# Harvesting Moss... will it grow underwater?



## tryank (Jan 12, 2012)

I went looking for wild moss the other day (near the Wyoming/Idaho border where there are some freshwater springs) and the only moss I found was growing on top of river rocks or by the side of the stream. There wasn't any that was fully submerged, just touching the water enough to get a little wet sponge effect. 

Will it grow submerged (underwater) in a planted tank?
Is it possible to identify exactly what type of moss it is?
-Like I said, the site was around a small stream and freshwater springs in the Rockies.




















And here is some that was not that close to the actual water source, so I'm guessing it wouldn't do that well fully underwater...










Anyone know or have any ideas?


----------



## MABJ (Mar 30, 2012)

The last looks like star moss Lolz. And from what I've heard? It doesn't do great underwater, but I know H4n has a variety that grows submerged. 

I'm no moss expert, but I'd just tell you that you can only learn by trying. Most mosses aren't truly aquatics, they just grow in water as well as on land. 

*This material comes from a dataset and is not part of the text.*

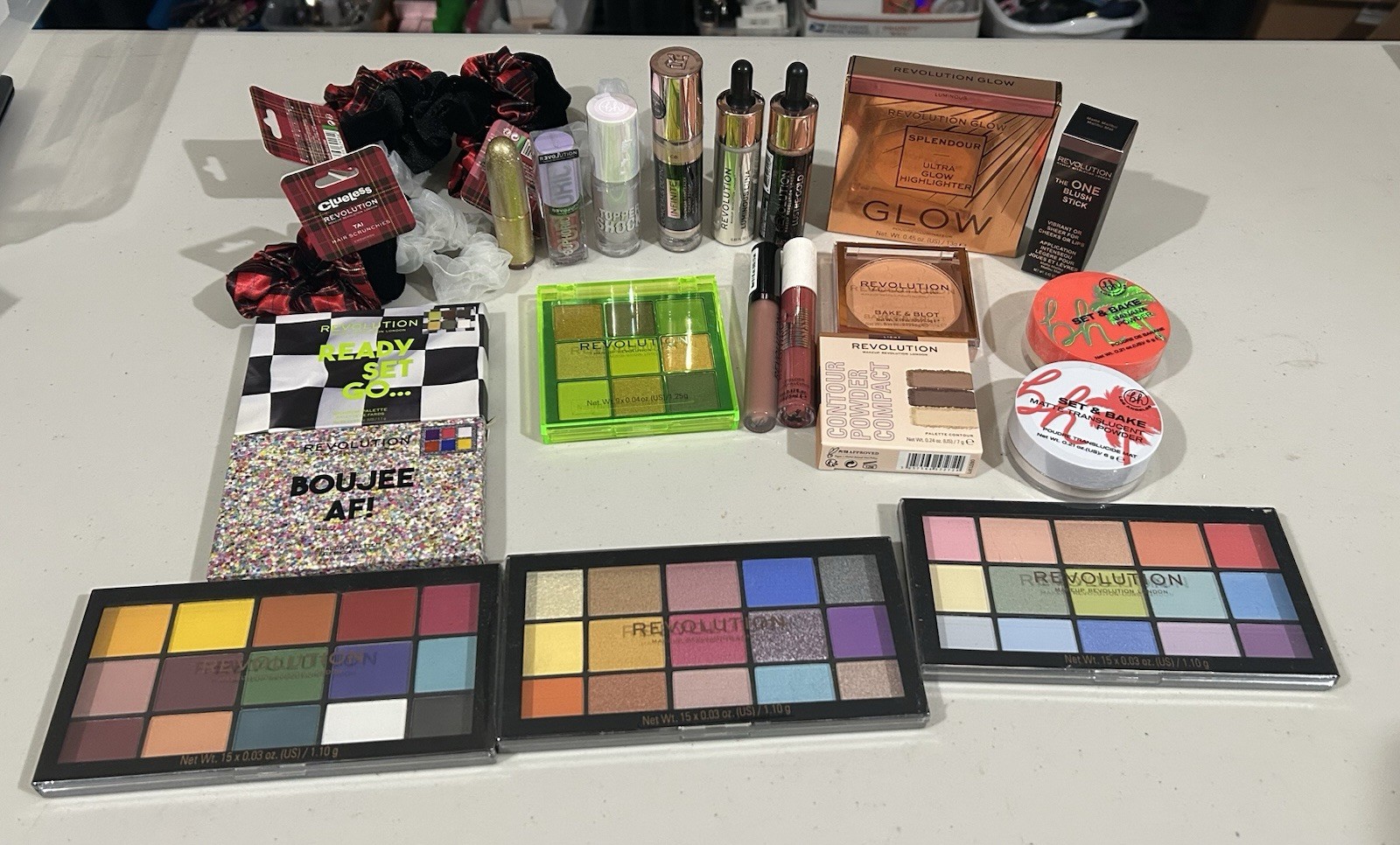 Lot of (25) Assorted Revolution, Makeup Obsession and bh Products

MABJ's iDevice used for this message


----------



## BenderBendingRodriguez (Aug 29, 2009)

I've tried some that I've found out in the wild in the past and some lived underwater and some didn't you just have to try it. Some of the ones I've got to live underwater have changed in growth form and look nothing like they did terrestrially. Just give it a shot and let us know how it works out. Who knows you may discover a new variety of moss.


----------



## ADJAquariums (Jul 5, 2012)

All i can say is give it a shot, probably try it in a tank that isnt your main first because if it doesnt survive it could become a huge mess if it falls apart


----------



## tryank (Jan 12, 2012)

Thanks for the feedback. I'll make another post when I actually put some of it in a tank. I think I'll try both types just to see what happens.


----------



## Couesfanatic (Sep 28, 2009)

let us know how it goes, look fun.


----------